1997 wollte sich die Stadt Waldkraiburg in Anlehnung an den Umweltgipfel von 1992 in Rio die Stadt eine lokale Agenda geben. Horst Tidhalm war damals dabei, als mehrere Arbeitsgruppen unterschiedliche Themenbereiche aufarbeiteten und Verbesserungsvorschläge einbrachten.

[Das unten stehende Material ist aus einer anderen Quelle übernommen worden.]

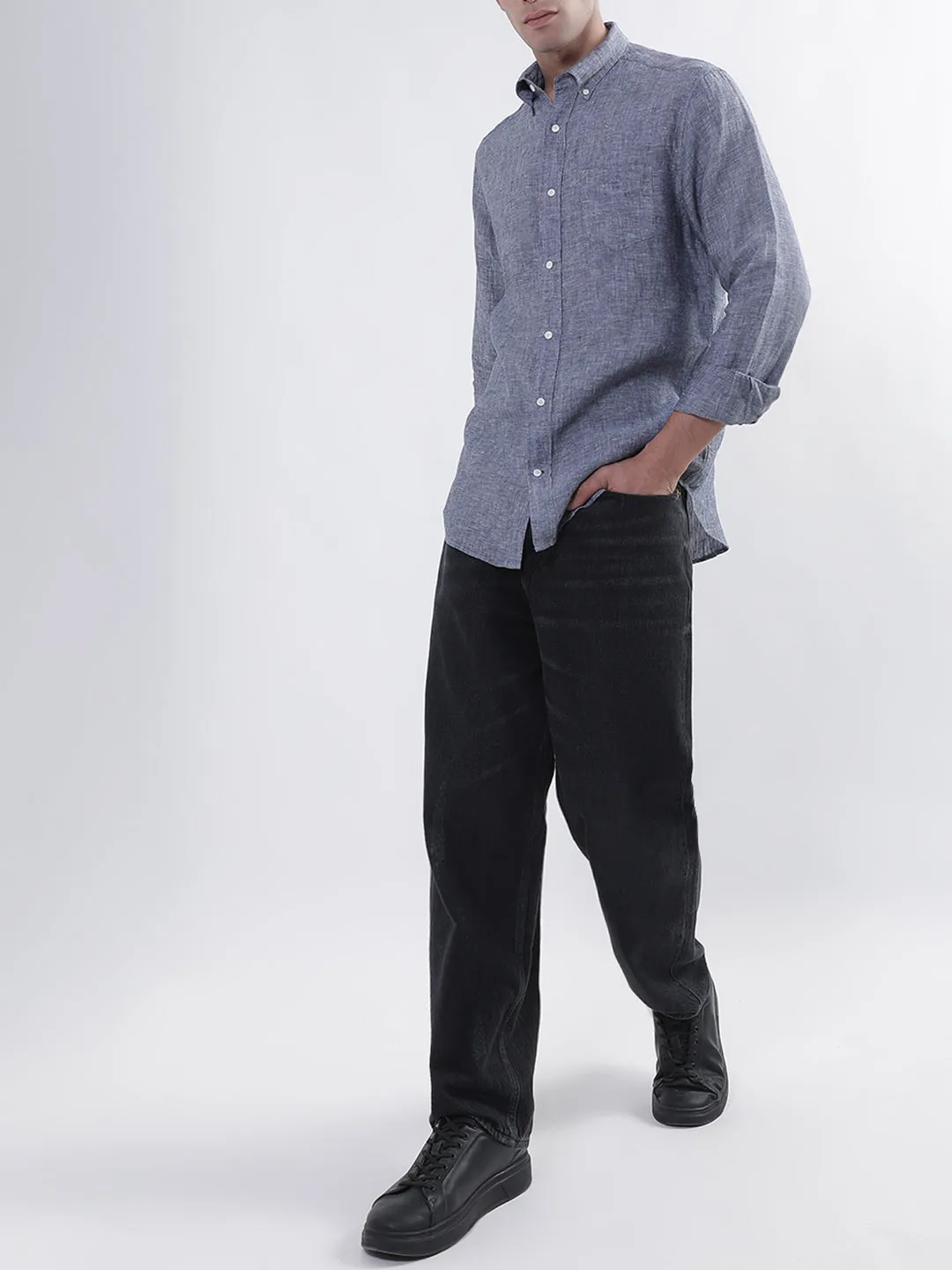 Gant Men Blue Regular Fit Solid Linen Shirt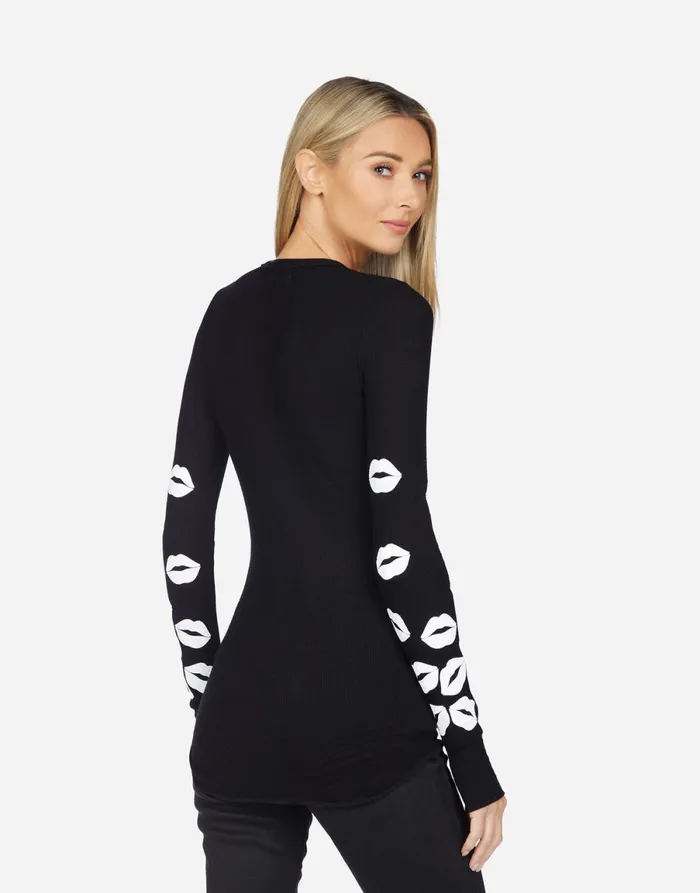 McKinley Scattered Lip Black Women039s Lauren Moshi Long Sleeve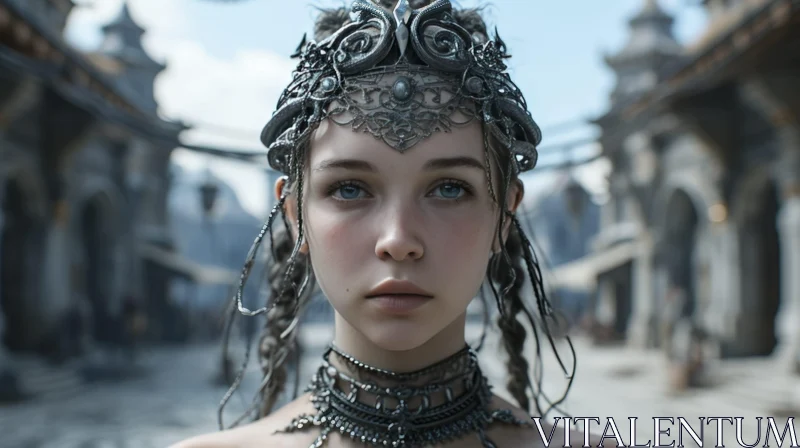 Ethereal Beauty: Captivating Portrait of a Young Woman with Silver Hair AI Image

Aus Gruppe heraus einiges entwickelt
Heute bedauert er es, dass zu wenig aus dem Arbeitskreis „Umwelt und Natur“ im Leitbild der Stadt übriggeblieben ist. Woran es gehakt hat, lässt sich 27 Jahre später in der Verwaltung nicht mehr genau nachvollziehen. Einer, der es vielleicht wissen könnte, ist Stadtrat Harald Jungbauer. Er sitzt nicht nur seit 1984 im Stadtrat, sondern war auch Mitglied des Arbeitskreises „Umwelt und Natur“.
In seinen Unterlagen hat der Stadtrat gewühlt, aber nicht mehr allzu viel dazu gefunden. „Das war damals eine tolle Gruppe, im Nachgang hat sich daraus doch einiges entwickelt“, erinnert sich Jungbauer etwas anders als Tidhalm. Nicht nur, dass ein Leitantrag samt Anregungen für einen Stadtentwicklungsplan aus der Arbeitsgruppe heraus an den Stadtrat übergeben worden ist.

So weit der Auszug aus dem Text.